Epicures pair wines with appetizers, too
Selecting the best wine to pair with your dinner is easy when the menu is simple, such as a grilled steak. A juicy grilled steak equals a full-bodied tannic red wine. But when we’re dining out meals are often a bit more complex, featuring a pairing option we sometimes ignore, the appetizers.
If you consider the appetizer as a mini version of the main courses (they are usually similar) it makes it much easier to find a match. A small portion of salmon, grilled shrimp or quail will pair easily with the same wine simply as a larger portion does, and even with most side dishes. But there are a few tips to keep in mind to navigate your options.

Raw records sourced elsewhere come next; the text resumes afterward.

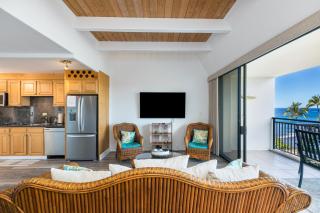 Kona Alii Penthouse 710 condo - 1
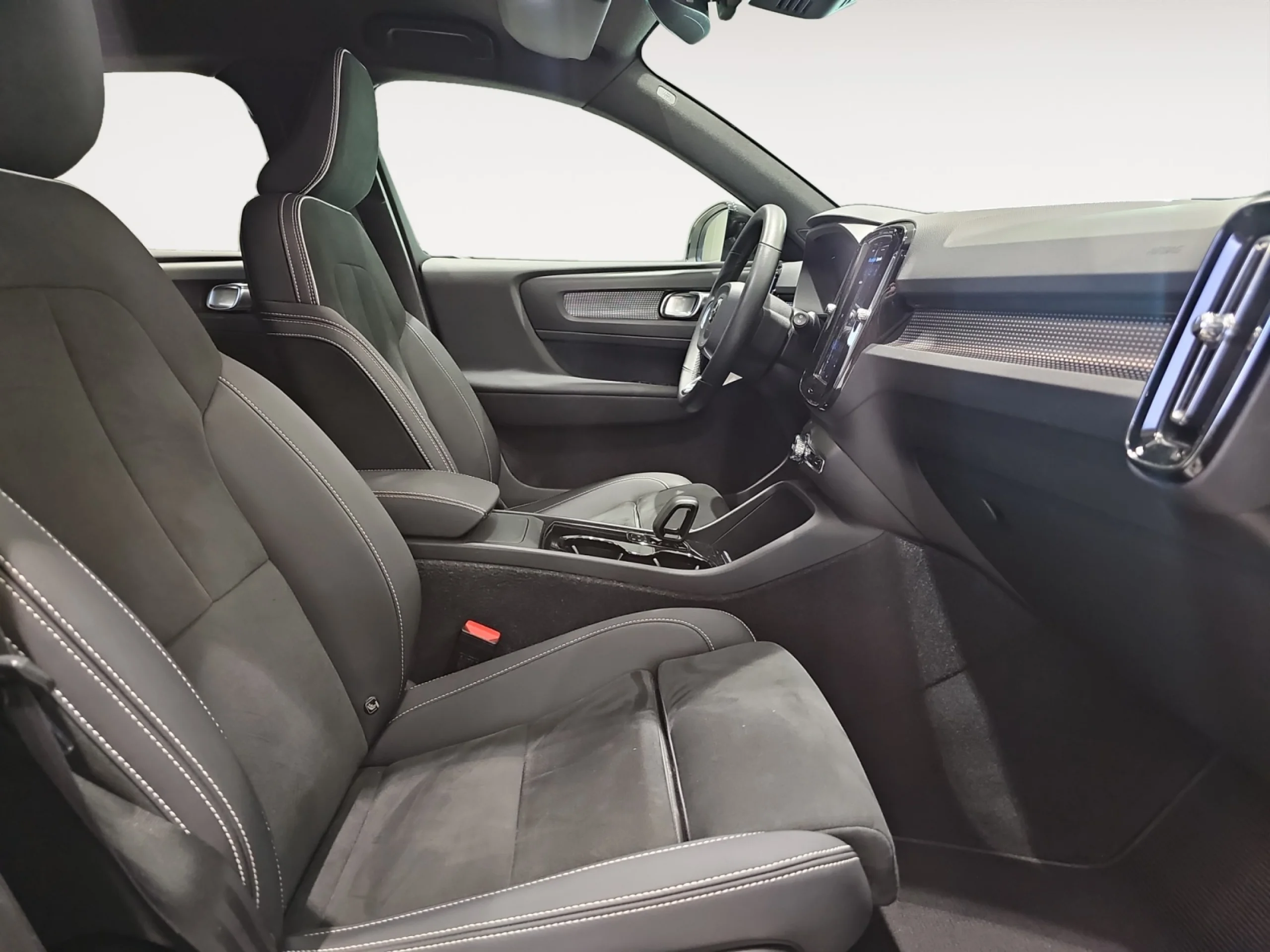 VOLVO XC40 RECHARGE ELÉCTRICO PLUS AUTO - Foto 5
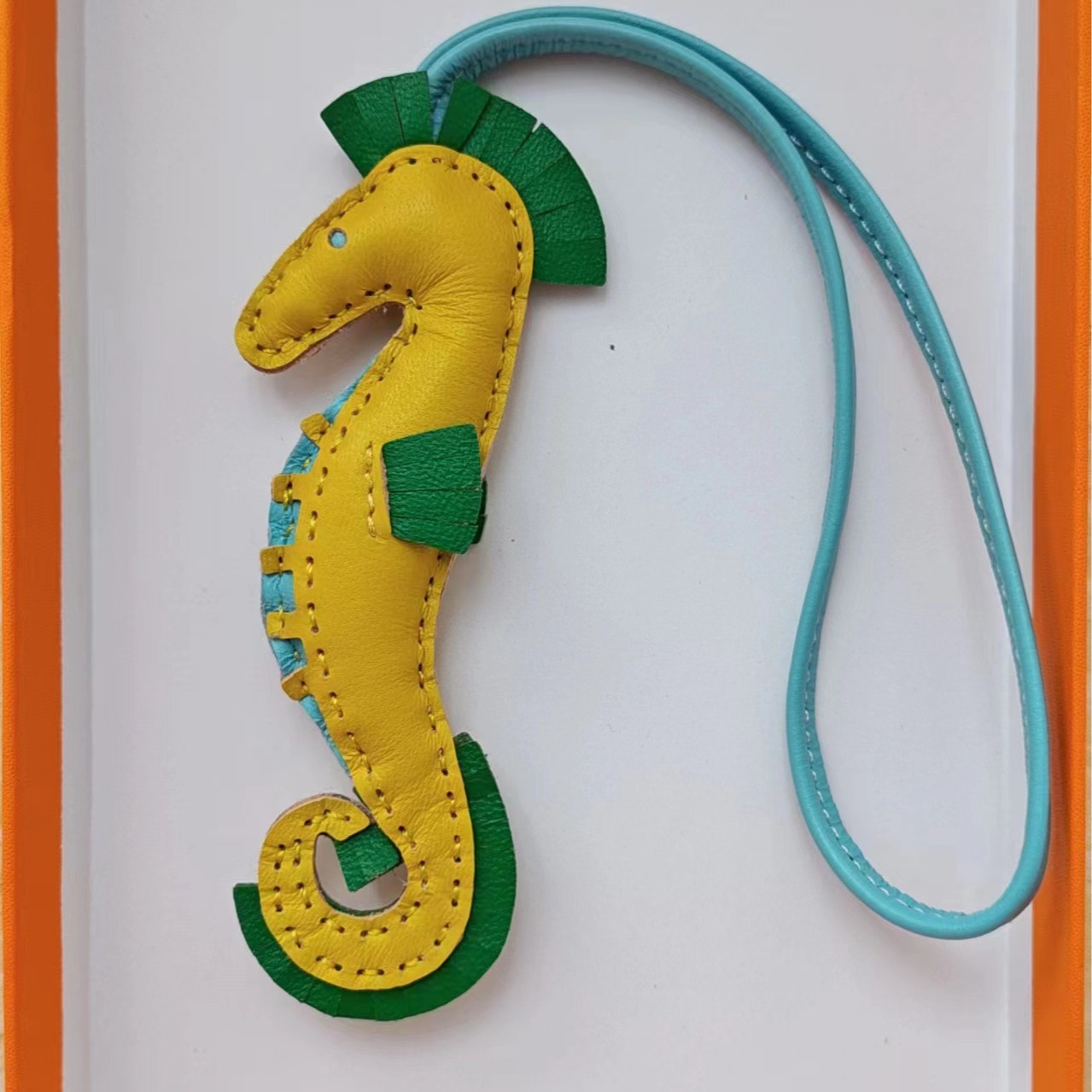 Handmade sheepskin seahorses are suitable for various bag pendants. They are cute, fashionable and high-end details Picture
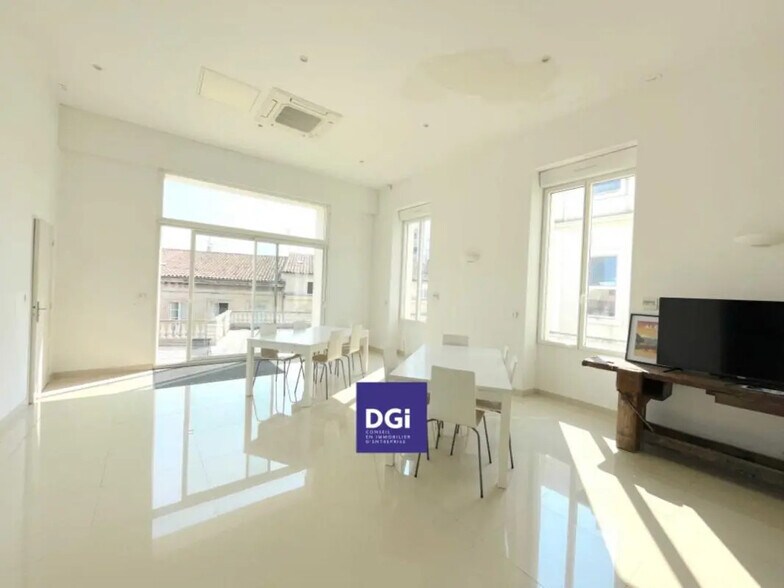 Bureau dans Nîmes à louer - Photo du bâtiment - Image 3 de 8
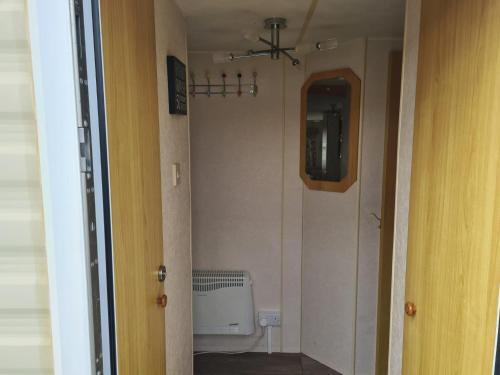 6 Berth On Seaview (fanfare)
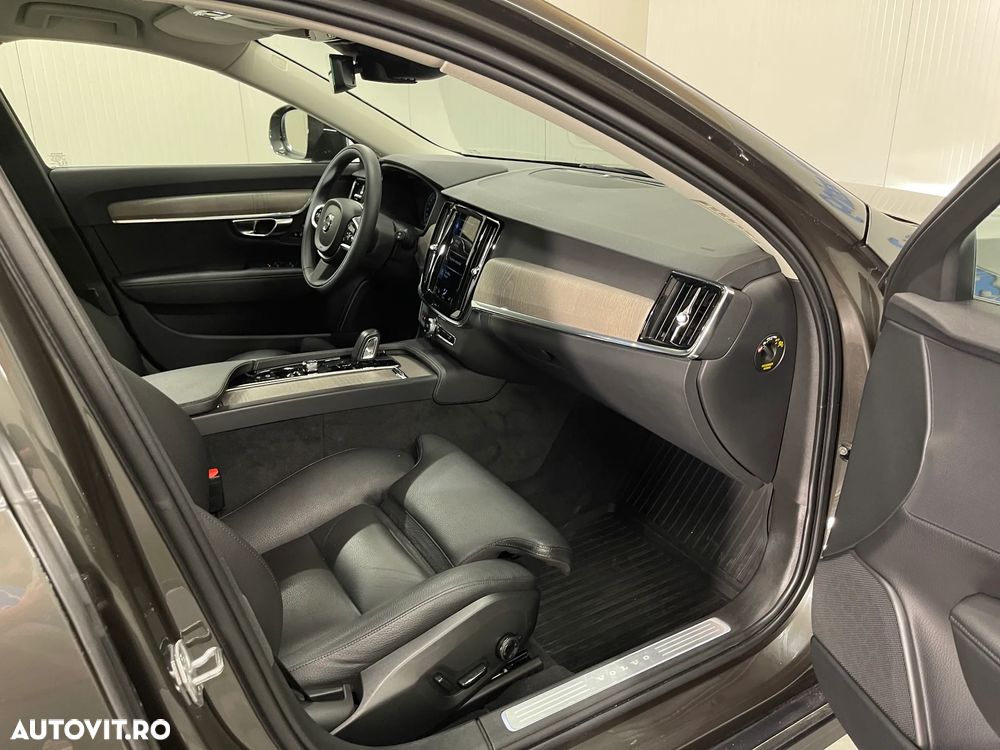 Volvo V90 V90CC B5 MHEV AT AWD Core - 9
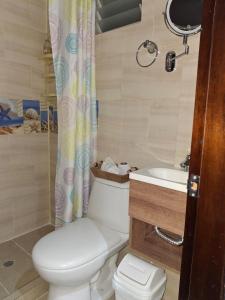 a bathroom with a toilet and a sink at Apartamento en un 4to piso cerca al coliseo en Armenia in Armenia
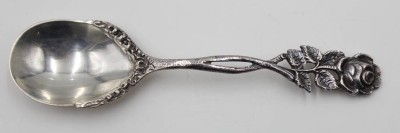 Auktion 364<br>800er Silber-Sahnelöffel, Rosenmuster, L-14,5cm, 26,8gr. [1]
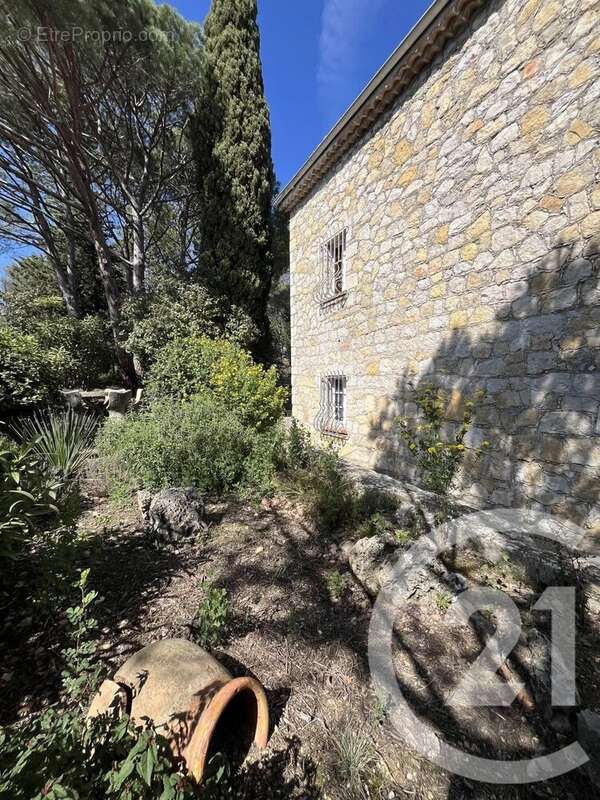 Maison à LE ROURET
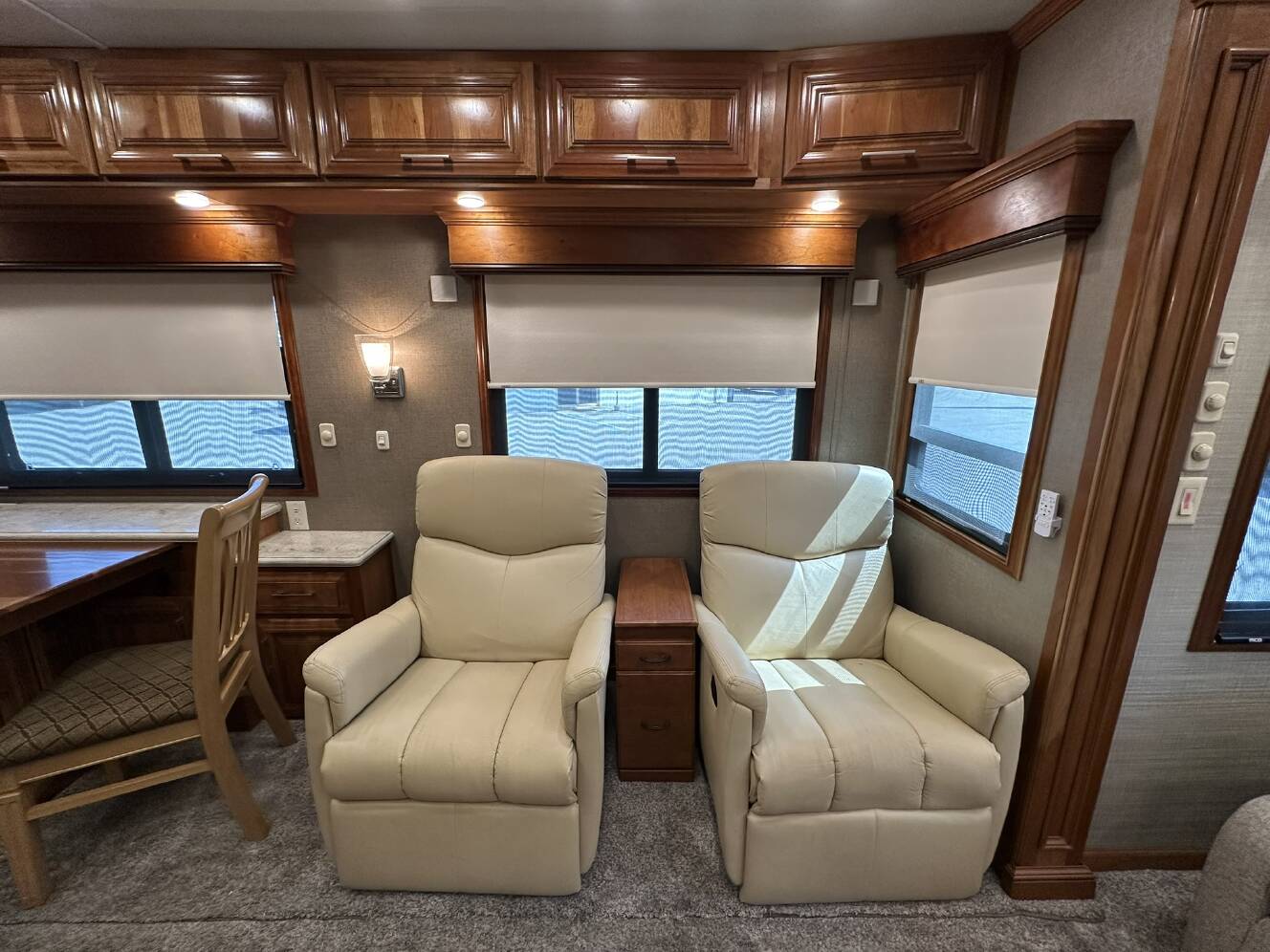A photo of this 2018 DRV MOBILE SUITES 38RSSA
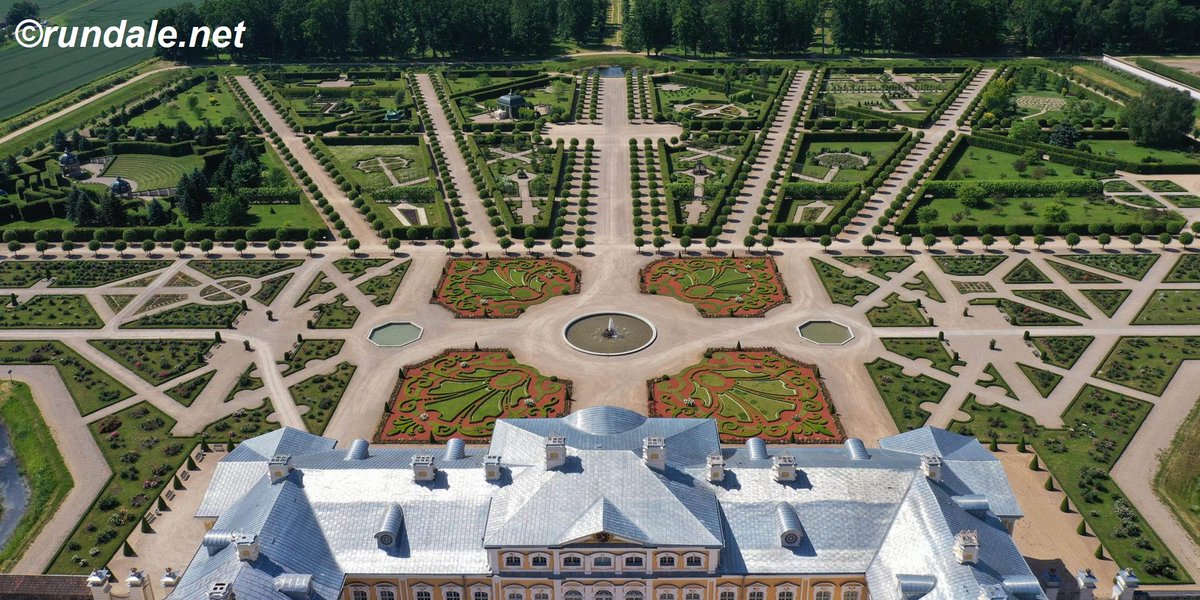 Rundāles pils baroka stila franču dārzs nominēts  Eiropas Dārza balvai un ceremonijā Dikas pilī Vācijā Rundāles pils vadība šovakar saņēmusi galveno balvu kategorijā “Vēsturiska parka vai dārza pārvaldība”.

Chilled, dry “fino” sherry is a wonderful match with tapas, olives, ham, sausage and basically anything spicy and salty. Many of those dishes are starters and fino or manzanilla styles of sherry can easily accompany a main dish of seafood, smoked salmon, squid and almost any grilled fish. Respected dining establishments know the key to fino sherry is a newly opened fresh, zesty bottle. This is not the style of sherry that can sit forlornly on the bar shelf for months. This style of wine is at its best when opened and consumed within a day or so.
The soup challenge
If a soup is a simple broth or thin liquid it will most likely be an awkward pairing with any wine. Texture and main ingredients are key for a starter soup and wine pairing. The texture may be an addition of noodles, hearty vegetables, meats or even couscous and barley. Soups with texture similar to stew tend to pair easier with wine. As with all food and wine combinations, consider the key ingredients. Pair a light vegetable broth based soup with a lighter bodied white wine. A robust, braised beef soup needs a fuller bodied wine to compete with the dish.
Bubbly simply works
Some of us think of Champagne only with celebration but it’s one of the most food friendly wines we have in restaurants and wine shops. It easily manages a clash of food flavors, weights and textures. Sparkling wine and Champagne are among the most versatile, and popping a bottle of bubbly is the ideal start for any dinner. It is but one of the few wines able to join you with the appetizer and end with dessert.